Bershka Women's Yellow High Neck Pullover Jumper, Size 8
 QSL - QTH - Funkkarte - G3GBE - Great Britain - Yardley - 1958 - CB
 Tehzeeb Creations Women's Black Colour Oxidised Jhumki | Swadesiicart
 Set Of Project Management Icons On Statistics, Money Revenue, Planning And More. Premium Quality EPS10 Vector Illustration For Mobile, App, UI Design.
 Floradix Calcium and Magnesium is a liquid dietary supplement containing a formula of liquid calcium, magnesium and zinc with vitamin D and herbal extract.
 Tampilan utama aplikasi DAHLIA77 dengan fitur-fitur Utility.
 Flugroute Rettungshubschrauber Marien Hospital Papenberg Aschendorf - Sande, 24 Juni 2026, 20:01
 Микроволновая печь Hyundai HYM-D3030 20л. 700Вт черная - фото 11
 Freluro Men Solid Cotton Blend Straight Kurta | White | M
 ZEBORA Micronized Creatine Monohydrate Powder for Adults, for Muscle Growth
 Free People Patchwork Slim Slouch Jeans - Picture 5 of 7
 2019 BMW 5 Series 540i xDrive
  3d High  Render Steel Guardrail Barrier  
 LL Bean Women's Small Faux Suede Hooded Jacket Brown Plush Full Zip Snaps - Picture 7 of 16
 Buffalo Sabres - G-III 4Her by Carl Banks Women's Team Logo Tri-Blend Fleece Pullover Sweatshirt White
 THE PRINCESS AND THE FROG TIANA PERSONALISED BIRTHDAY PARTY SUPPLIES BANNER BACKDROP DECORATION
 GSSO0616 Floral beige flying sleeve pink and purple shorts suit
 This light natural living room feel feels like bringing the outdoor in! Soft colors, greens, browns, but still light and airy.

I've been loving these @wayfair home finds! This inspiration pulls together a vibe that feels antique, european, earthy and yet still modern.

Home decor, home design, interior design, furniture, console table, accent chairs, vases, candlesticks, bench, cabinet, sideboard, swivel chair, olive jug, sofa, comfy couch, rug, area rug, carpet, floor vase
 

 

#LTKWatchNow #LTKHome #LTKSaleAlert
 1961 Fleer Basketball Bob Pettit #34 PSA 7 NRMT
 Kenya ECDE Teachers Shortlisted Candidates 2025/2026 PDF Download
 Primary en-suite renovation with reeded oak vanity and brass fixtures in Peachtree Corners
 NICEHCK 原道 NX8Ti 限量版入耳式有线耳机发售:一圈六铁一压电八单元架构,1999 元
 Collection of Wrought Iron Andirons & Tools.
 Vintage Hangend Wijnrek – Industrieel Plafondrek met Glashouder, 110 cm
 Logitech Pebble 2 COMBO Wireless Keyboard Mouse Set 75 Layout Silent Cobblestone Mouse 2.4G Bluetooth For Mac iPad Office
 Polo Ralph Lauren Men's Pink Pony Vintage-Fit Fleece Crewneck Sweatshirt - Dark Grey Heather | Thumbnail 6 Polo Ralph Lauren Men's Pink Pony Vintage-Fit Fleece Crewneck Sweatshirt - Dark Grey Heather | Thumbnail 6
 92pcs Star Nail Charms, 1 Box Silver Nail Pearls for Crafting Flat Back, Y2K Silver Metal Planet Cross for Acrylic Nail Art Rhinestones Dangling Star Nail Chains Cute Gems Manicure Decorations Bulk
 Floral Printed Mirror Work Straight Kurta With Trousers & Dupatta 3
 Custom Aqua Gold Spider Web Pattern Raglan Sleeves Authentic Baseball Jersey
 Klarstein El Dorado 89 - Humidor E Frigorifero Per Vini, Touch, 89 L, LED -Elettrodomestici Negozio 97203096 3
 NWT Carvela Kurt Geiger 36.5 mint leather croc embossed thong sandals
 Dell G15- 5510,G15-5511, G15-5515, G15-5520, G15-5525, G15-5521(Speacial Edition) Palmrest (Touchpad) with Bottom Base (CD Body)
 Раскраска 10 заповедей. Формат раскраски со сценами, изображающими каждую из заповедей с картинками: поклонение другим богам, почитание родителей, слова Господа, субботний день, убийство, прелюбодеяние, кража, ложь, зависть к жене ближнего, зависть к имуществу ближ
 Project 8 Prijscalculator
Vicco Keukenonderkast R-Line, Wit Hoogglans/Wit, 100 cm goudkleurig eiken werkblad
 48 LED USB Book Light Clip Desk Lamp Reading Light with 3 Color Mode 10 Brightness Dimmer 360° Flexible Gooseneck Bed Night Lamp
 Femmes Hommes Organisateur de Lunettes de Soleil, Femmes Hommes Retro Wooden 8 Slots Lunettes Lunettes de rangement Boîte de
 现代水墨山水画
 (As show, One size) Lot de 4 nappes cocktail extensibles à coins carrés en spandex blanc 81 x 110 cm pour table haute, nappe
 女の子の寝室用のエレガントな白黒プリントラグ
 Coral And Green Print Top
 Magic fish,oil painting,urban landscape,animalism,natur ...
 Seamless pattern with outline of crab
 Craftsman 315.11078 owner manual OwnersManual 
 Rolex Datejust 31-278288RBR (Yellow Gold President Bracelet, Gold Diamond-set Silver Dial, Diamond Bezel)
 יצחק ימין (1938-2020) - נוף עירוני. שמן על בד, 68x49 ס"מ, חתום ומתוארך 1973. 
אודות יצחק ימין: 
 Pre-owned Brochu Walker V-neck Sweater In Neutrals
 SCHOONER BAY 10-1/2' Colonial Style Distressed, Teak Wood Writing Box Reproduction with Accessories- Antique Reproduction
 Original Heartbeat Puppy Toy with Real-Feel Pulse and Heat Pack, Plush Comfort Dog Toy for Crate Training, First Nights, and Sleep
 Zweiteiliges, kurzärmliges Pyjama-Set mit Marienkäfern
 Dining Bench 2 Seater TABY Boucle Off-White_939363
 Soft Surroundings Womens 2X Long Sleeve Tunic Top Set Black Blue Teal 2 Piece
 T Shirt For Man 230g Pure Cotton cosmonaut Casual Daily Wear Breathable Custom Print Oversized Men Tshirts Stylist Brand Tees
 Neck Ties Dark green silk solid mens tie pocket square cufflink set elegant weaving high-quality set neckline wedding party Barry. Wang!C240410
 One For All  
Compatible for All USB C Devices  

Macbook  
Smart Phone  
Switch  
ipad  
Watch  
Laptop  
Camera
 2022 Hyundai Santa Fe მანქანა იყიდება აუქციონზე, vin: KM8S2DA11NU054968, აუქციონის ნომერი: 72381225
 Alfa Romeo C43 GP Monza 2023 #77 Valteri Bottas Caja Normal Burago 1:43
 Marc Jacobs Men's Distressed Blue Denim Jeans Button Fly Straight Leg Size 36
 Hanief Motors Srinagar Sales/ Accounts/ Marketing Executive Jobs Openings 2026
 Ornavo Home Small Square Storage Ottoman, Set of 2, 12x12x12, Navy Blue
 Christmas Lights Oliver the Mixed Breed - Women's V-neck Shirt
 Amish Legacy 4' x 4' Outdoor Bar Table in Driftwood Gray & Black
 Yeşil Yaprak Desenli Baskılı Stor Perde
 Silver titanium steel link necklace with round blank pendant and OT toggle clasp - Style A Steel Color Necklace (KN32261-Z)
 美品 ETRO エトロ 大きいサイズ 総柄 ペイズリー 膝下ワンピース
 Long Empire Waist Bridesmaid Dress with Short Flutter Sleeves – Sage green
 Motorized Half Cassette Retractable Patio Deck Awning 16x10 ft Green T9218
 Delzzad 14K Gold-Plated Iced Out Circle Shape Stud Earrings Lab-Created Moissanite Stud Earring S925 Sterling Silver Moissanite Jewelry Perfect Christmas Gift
============================================================
- **Exercise brief**: This calls for repeating all of the records, character for character.

- **Written response**:
Bershka Women's Yellow High Neck Pullover Jumper, Size 8
 QSL - QTH - Funkkarte - G3GBE - Great Britain - Yardley - 1958 - CB
 Tehzeeb Creations Women's Black Colour Oxidised Jhumki | Swadesiicart
 Set Of Project Management Icons On Statistics, Money Revenue, Planning And More. Premium Quality EPS10 Vector Illustration For Mobile, App, UI Design.
 Floradix Calcium and Magnesium is a liquid dietary supplement containing a formula of liquid calcium, magnesium and zinc with vitamin D and herbal extract.
 Tampilan utama aplikasi DAHLIA77 dengan fitur-fitur Utility.
 Flugroute Rettungshubschrauber Marien Hospital Papenberg Aschendorf - Sande, 24 Juni 2026, 20:01
 Микроволновая печь Hyundai HYM-D3030 20л. 700Вт черная - фото 11
 Freluro Men Solid Cotton Blend Straight Kurta | White | M
 ZEBORA Micronized Creatine Monohydrate Powder for Adults, for Muscle Growth
 Free People Patchwork Slim Slouch Jeans - Picture 5 of 7
 2019 BMW 5 Series 540i xDrive
  3d High  Render Steel Guardrail Barrier  
 LL Bean Women's Small Faux Suede Hooded Jacket Brown Plush Full Zip Snaps - Picture 7 of 16
 Buffalo Sabres - G-III 4Her by Carl Banks Women's Team Logo Tri-Blend Fleece Pullover Sweatshirt White
 THE PRINCESS AND THE FROG TIANA PERSONALISED BIRTHDAY PARTY SUPPLIES BANNER BACKDROP DECORATION
 GSSO0616 Floral beige flying sleeve pink and purple shorts suit
 This light natural living room feel feels like bringing the outdoor in! Soft colors, greens, browns, but still light and airy.

I've been loving these @wayfair home finds! This inspiration pulls together a vibe that feels antique, european, earthy and yet still modern.

Home decor, home design, interior design, furniture, console table, accent chairs, vases, candlesticks, bench, cabinet, sideboard, swivel chair, olive jug, sofa, comfy couch, rug, area rug, carpet, floor vase
 

 

#LTKWatchNow #LTKHome #LTKSaleAlert
 1961 Fleer Basketball Bob Pettit #34 PSA 7 NRMT
 Kenya ECDE Teachers Shortlisted Candidates 2025/2026 PDF Download
 Primary en-suite renovation with reeded oak vanity and brass fixtures in Peachtree Corners
 NICEHCK 原道 NX8Ti 限量版入耳式有线耳机发售:一圈六铁一压电八单元架构,1999 元
 Collection of Wrought Iron Andirons & Tools.
 Vintage Hangend Wijnrek – Industrieel Plafondrek met Glashouder, 110 cm
 Logitech Pebble 2 COMBO Wireless Keyboard Mouse Set 75 Layout Silent Cobblestone Mouse 2.4G Bluetooth For Mac iPad Office
 Polo Ralph Lauren Men's Pink Pony Vintage-Fit Fleece Crewneck Sweatshirt - Dark Grey Heather | Thumbnail 6 Polo Ralph Lauren Men's Pink Pony Vintage-Fit Fleece Crewneck Sweatshirt - Dark Grey Heather | Thumbnail 6
 92pcs Star Nail Charms, 1 Box Silver Nail Pearls for Crafting Flat Back, Y2K Silver Metal Planet Cross for Acrylic Nail Art Rhinestones Dangling Star Nail Chains Cute Gems Manicure Decorations Bulk
 Floral Printed Mirror Work Straight Kurta With Trousers & Dupatta 3
 Custom Aqua Gold Spider Web Pattern Raglan Sleeves Authentic Baseball Jersey
 Klarstein El Dorado 89 - Humidor E Frigorifero Per Vini, Touch, 89 L, LED -Elettrodomestici Negozio 97203096 3
 NWT Carvela Kurt Geiger 36.5 mint leather croc embossed thong sandals
 Dell G15- 5510,G15-5511, G15-5515, G15-5520, G15-5525, G15-5521(Speacial Edition) Palmrest (Touchpad) with Bottom Base (CD Body)
 Раскраска 10 заповедей. Формат раскраски со сценами, изображающими каждую из заповедей с картинками: поклонение другим богам, почитание родителей, слова Господа, субботний день, убийство, прелюбодеяние, кража, ложь, зависть к жене ближнего, зависть к имуществу ближ
 Project 8 Prijscalculator
Vicco Keukenonderkast R-Line, Wit Hoogglans/Wit, 100 cm goudkleurig eiken werkblad
 48 LED USB Book Light Clip Desk Lamp Reading Light with 3 Color Mode 10 Brightness Dimmer 360° Flexible Gooseneck Bed Night Lamp
 Femmes Hommes Organisateur de Lunettes de Soleil, Femmes Hommes Retro Wooden 8 Slots Lunettes Lunettes de rangement Boîte de
 现代水墨山水画
 (As show, One size) Lot de 4 nappes cocktail extensibles à coins carrés en spandex blanc 81 x 110 cm pour table haute, nappe
 女の子の寝室用のエレガントな白黒プリントラグ
 Coral And Green Print Top
 Magic fish,oil painting,urban landscape,animalism,natur ...
 Seamless pattern with outline of crab
 Craftsman 315.11078 owner manual OwnersManual 
 Rolex Datejust 31-278288RBR (Yellow Gold President Bracelet, Gold Diamond-set Silver Dial, Diamond Bezel)
 יצחק ימין (1938-2020) - נוף עירוני. שמן על בד, 68x49 ס"מ, חתום ומתוארך 1973. 
אודות יצחק ימין: 
 Pre-owned Brochu Walker V-neck Sweater In Neutrals
 SCHOONER BAY 10-1/2' Colonial Style Distressed, Teak Wood Writing Box Reproduction with Accessories- Antique Reproduction
 Original Heartbeat Puppy Toy with Real-Feel Pulse and Heat Pack, Plush Comfort Dog Toy for Crate Training, First Nights, and Sleep
 Zweiteiliges, kurzärmliges Pyjama-Set mit Marienkäfern
 Dining Bench 2 Seater TABY Boucle Off-White_939363
 Soft Surroundings Womens 2X Long Sleeve Tunic Top Set Black Blue Teal 2 Piece
 T Shirt For Man 230g Pure Cotton cosmonaut Casual Daily Wear Breathable Custom Print Oversized Men Tshirts Stylist Brand Tees
 Neck Ties Dark green silk solid mens tie pocket square cufflink set elegant weaving high-quality set neckline wedding party Barry. Wang!C240410
 One For All  
Compatible for All USB C Devices  

Macbook  
Smart Phone  
Switch  
ipad  
Watch  
Laptop  
Camera
 2022 Hyundai Santa Fe მანქანა იყიდება აუქციონზე, vin: KM8S2DA11NU054968, აუქციონის ნომერი: 72381225
 Alfa Romeo C43 GP Monza 2023 #77 Valteri Bottas Caja Normal Burago 1:43
 Marc Jacobs Men's Distressed Blue Denim Jeans Button Fly Straight Leg Size 36
 Hanief Motors Srinagar Sales/ Accounts/ Marketing Executive Jobs Openings 2026
 Ornavo Home Small Square Storage Ottoman, Set of 2, 12x12x12, Navy Blue
 Christmas Lights Oliver the Mixed Breed - Women's V-neck Shirt
 Amish Legacy 4' x 4' Outdoor Bar Table in Driftwood Gray & Black
 Yeşil Yaprak Desenli Baskılı Stor Perde
 Silver titanium steel link necklace with round blank pendant and OT toggle clasp - Style A Steel Color Necklace (KN32261-Z)
 美品 ETRO エトロ 大きいサイズ 総柄 ペイズリー 膝下ワンピース
 Long Empire Waist Bridesmaid Dress with Short Flutter Sleeves – Sage green
 Motorized Half Cassette Retractable Patio Deck Awning 16x10 ft Green T9218
 Delzzad 14K Gold-Plated Iced Out Circle Shape Stud Earrings Lab-Created Moissanite Stud Earring S925 Sterling Silver Moissanite Jewelry Perfect Christmas Gift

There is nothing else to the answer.